There was a study done to see what people thought a safe vehicle should look like. Most Americans chose the huge hulking SUV, where most non-Americans chose small agile sportscars. Turns out the small cars are much safer because they can maneuver around trouble and stop in 1/2 the distance. (I'm not going to quibble about stopping short only to be rammed from behind by a hulking SUV). However, I think most golfers get more gratification from outdriving their buddies. The "effette scorer" cards the par to snickers from his hulking companions - who striding to the off line bomb 20 yds in the clear, feeling the hole already won promptly slugs the helpless ball into some shameful location, unable to put on the brakes or steer clear of obvious disaster.
Thanks again Terry!
Kurt the Knife says:
i have a nasty case of epicondylitis been going on almost a month.

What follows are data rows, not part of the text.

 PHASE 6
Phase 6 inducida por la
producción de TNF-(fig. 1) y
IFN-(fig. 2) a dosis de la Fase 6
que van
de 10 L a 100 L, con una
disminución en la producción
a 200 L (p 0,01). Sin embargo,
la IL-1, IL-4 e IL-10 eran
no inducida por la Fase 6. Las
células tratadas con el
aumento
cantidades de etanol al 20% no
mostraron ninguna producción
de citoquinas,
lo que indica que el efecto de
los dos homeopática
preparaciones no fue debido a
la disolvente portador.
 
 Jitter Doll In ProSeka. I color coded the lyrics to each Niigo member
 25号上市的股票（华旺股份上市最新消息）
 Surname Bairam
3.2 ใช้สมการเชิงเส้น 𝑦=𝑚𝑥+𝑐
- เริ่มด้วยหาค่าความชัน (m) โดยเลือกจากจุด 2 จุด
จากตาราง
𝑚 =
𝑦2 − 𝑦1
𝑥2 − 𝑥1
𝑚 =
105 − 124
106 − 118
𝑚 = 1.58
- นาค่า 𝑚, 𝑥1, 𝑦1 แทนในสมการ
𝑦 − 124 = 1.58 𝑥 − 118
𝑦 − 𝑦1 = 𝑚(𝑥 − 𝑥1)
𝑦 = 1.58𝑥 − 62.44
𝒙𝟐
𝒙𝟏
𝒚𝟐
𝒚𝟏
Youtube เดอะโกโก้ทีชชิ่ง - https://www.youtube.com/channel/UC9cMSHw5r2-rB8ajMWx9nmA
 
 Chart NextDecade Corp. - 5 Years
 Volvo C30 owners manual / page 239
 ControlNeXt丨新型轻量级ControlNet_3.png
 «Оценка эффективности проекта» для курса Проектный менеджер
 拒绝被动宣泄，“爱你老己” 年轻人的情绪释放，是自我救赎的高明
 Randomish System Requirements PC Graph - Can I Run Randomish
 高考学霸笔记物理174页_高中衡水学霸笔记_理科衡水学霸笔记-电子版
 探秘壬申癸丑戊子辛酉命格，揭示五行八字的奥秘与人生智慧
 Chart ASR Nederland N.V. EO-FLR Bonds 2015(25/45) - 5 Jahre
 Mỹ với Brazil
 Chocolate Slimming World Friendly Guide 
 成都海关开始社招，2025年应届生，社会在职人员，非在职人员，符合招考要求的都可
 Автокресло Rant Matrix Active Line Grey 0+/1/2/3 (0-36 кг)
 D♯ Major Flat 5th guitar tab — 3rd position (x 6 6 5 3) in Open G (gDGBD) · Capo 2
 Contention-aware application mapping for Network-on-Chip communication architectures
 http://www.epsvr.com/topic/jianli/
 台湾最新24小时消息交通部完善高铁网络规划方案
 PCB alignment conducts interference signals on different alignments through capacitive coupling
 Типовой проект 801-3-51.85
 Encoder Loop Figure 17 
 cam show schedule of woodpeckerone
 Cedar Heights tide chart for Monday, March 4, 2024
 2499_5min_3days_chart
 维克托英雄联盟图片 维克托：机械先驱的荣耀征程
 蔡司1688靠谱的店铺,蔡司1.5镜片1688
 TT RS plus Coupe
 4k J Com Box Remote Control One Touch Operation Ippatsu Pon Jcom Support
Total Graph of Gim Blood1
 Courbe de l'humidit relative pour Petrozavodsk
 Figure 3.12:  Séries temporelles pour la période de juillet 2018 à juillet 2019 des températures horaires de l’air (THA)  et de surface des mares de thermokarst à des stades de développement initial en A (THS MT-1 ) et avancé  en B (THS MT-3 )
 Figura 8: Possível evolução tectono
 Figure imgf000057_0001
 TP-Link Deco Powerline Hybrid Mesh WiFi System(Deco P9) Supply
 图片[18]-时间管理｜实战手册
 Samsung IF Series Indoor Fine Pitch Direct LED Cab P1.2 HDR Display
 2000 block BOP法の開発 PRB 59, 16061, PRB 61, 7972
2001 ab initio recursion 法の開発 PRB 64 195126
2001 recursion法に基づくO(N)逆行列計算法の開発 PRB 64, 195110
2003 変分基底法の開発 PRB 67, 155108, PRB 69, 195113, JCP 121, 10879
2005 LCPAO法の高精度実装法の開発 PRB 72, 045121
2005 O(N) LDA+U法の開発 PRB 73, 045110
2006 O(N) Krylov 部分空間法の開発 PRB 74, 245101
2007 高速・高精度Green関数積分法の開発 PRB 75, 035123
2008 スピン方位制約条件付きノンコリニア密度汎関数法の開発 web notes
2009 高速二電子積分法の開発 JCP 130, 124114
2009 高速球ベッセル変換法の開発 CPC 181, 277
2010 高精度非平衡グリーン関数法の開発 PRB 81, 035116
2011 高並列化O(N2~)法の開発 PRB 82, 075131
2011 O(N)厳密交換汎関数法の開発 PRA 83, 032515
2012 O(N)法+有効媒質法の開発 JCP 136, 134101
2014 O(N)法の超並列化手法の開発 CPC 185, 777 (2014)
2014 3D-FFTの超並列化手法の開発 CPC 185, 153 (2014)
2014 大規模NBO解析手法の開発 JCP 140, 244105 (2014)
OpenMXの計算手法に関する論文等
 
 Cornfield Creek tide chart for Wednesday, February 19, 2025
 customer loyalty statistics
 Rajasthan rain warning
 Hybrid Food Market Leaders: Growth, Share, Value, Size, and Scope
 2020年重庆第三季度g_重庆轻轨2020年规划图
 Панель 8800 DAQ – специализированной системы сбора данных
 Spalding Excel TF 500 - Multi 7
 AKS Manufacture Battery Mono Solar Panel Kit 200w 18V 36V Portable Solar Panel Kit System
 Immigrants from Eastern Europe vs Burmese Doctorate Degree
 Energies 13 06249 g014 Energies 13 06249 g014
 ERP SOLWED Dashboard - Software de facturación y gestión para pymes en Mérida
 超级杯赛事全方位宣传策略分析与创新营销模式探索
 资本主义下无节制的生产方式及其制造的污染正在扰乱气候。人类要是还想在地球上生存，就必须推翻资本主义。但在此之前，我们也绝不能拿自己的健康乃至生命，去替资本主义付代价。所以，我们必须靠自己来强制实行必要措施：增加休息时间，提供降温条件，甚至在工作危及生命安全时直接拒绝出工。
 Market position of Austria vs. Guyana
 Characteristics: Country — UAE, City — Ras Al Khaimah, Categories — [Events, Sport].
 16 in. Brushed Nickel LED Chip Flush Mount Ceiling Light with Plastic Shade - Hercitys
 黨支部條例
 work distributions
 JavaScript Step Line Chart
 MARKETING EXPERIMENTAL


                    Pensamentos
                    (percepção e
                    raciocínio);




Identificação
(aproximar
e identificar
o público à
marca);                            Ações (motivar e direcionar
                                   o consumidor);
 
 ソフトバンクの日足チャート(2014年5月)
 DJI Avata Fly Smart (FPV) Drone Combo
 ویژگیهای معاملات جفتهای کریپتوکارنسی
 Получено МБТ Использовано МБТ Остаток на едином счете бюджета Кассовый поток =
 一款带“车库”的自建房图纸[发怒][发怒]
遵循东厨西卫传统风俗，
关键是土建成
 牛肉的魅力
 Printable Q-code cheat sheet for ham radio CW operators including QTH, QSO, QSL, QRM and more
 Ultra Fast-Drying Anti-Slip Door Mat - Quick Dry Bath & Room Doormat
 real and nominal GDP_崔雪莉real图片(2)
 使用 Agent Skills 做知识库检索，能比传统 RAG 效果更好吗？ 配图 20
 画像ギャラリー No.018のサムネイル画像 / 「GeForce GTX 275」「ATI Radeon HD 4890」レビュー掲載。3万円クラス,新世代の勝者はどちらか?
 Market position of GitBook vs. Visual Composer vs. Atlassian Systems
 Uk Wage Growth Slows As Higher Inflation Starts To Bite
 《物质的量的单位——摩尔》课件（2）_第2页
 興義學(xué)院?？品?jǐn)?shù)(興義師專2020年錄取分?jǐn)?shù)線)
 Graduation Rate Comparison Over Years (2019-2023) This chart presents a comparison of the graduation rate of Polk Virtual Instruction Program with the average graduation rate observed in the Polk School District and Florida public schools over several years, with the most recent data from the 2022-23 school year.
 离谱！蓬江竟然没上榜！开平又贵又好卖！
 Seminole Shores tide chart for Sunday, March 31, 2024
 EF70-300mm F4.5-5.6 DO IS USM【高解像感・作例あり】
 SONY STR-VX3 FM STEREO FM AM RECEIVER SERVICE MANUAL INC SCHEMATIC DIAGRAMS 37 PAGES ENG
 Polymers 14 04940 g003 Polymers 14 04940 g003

practicing short game is all I can do.
will be good to see how it affects my scores.
I was going to try this yesterday but I didn't because I wanted to keep the group moving along. It would have been a good day for it though, because I scored extremely bad. I hate those days when you hit some great shots and then card a horrendous score.
This is a great excercise!
I always thought I had a "solid" short game but it was an illusion. Scores improved using WG's "system" by 4 to 5 strokes (on paper).
Thank you Terry!
Ran your short game numbers one more time at Woodlake today...
Shot a 94, with your math it came to an 82.5 and if I rounded up before adding it came to 86 A little better but still too many strokes lost in short game...
I know this thread is off the homepage, but hopefully it still gets some viewers.
I played a couple weeks ago and shot a 99. It was a short course where I foolishly hit driver off the tee leaving myself that very enjoyable 50-80 yard approach. I re-ran the numbers according to Experiment #2, my score came to 78.4. Gee, think I need to work on my short game??